Directions for this task: Copy nothing from the entries below except the lines from the one containing "De Harsma One, een" through the one containing "Snapshot of as1an_girlfriend", and copy those exactly.

Material supplied:
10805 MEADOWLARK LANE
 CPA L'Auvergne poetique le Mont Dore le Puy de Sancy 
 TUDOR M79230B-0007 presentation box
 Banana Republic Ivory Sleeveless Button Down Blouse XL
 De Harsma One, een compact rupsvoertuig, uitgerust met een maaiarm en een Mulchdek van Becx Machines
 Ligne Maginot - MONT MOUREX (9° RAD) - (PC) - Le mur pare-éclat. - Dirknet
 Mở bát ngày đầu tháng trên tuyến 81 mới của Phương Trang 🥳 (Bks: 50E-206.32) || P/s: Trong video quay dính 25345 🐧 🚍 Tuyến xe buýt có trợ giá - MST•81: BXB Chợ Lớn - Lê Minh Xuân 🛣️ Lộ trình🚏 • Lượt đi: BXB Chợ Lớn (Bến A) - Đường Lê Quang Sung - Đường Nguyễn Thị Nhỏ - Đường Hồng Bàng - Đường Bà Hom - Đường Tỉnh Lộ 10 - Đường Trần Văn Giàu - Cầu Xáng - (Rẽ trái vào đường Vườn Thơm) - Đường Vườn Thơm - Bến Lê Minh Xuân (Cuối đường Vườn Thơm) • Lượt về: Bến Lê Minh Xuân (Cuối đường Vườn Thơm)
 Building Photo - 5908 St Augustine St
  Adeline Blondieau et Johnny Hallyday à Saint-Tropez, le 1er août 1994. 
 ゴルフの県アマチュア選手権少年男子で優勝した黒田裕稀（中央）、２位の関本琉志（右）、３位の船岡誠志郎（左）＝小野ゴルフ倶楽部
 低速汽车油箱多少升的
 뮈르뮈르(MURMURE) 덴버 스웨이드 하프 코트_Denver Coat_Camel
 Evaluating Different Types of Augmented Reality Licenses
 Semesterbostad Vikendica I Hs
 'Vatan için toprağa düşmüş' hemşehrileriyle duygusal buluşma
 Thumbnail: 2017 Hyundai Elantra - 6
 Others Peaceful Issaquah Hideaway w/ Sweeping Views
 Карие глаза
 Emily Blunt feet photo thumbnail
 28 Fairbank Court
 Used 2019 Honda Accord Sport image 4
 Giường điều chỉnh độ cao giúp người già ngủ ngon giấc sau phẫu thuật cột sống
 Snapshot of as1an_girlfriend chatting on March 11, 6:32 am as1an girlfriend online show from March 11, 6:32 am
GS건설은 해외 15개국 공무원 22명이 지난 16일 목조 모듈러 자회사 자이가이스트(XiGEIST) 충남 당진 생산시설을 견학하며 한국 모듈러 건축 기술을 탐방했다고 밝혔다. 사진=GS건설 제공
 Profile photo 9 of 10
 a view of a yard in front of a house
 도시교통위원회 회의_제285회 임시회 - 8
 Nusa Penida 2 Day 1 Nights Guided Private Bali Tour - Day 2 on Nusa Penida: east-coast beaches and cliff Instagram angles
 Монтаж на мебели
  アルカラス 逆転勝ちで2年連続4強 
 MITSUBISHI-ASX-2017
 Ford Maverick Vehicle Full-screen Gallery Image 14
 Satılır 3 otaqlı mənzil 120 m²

Solved problem:
 De Harsma One, een compact rupsvoertuig, uitgerust met een maaiarm en een Mulchdek van Becx Machines
 Ligne Maginot - MONT MOUREX (9° RAD) - (PC) - Le mur pare-éclat. - Dirknet
 Mở bát ngày đầu tháng trên tuyến 81 mới của Phương Trang 🥳 (Bks: 50E-206.32) || P/s: Trong video quay dính 25345 🐧 🚍 Tuyến xe buýt có trợ giá - MST•81: BXB Chợ Lớn - Lê Minh Xuân 🛣️ Lộ trình🚏 • Lượt đi: BXB Chợ Lớn (Bến A) - Đường Lê Quang Sung - Đường Nguyễn Thị Nhỏ - Đường Hồng Bàng - Đường Bà Hom - Đường Tỉnh Lộ 10 - Đường Trần Văn Giàu - Cầu Xáng - (Rẽ trái vào đường Vườn Thơm) - Đường Vườn Thơm - Bến Lê Minh Xuân (Cuối đường Vườn Thơm) • Lượt về: Bến Lê Minh Xuân (Cuối đường Vườn Thơm)
 Building Photo - 5908 St Augustine St
  Adeline Blondieau et Johnny Hallyday à Saint-Tropez, le 1er août 1994. 
 ゴルフの県アマチュア選手権少年男子で優勝した黒田裕稀（中央）、２位の関本琉志（右）、３位の船岡誠志郎（左）＝小野ゴルフ倶楽部
 低速汽车油箱多少升的
 뮈르뮈르(MURMURE) 덴버 스웨이드 하프 코트_Denver Coat_Camel
 Evaluating Different Types of Augmented Reality Licenses
 Semesterbostad Vikendica I Hs
 'Vatan için toprağa düşmüş' hemşehrileriyle duygusal buluşma
 Thumbnail: 2017 Hyundai Elantra - 6
 Others Peaceful Issaquah Hideaway w/ Sweeping Views
 Карие глаза
 Emily Blunt feet photo thumbnail
 28 Fairbank Court
 Used 2019 Honda Accord Sport image 4
 Giường điều chỉnh độ cao giúp người già ngủ ngon giấc sau phẫu thuật cột sống
 Snapshot of as1an_girlfriend chatting on March 11, 6:32 am as1an girlfriend online show from March 11, 6:32 am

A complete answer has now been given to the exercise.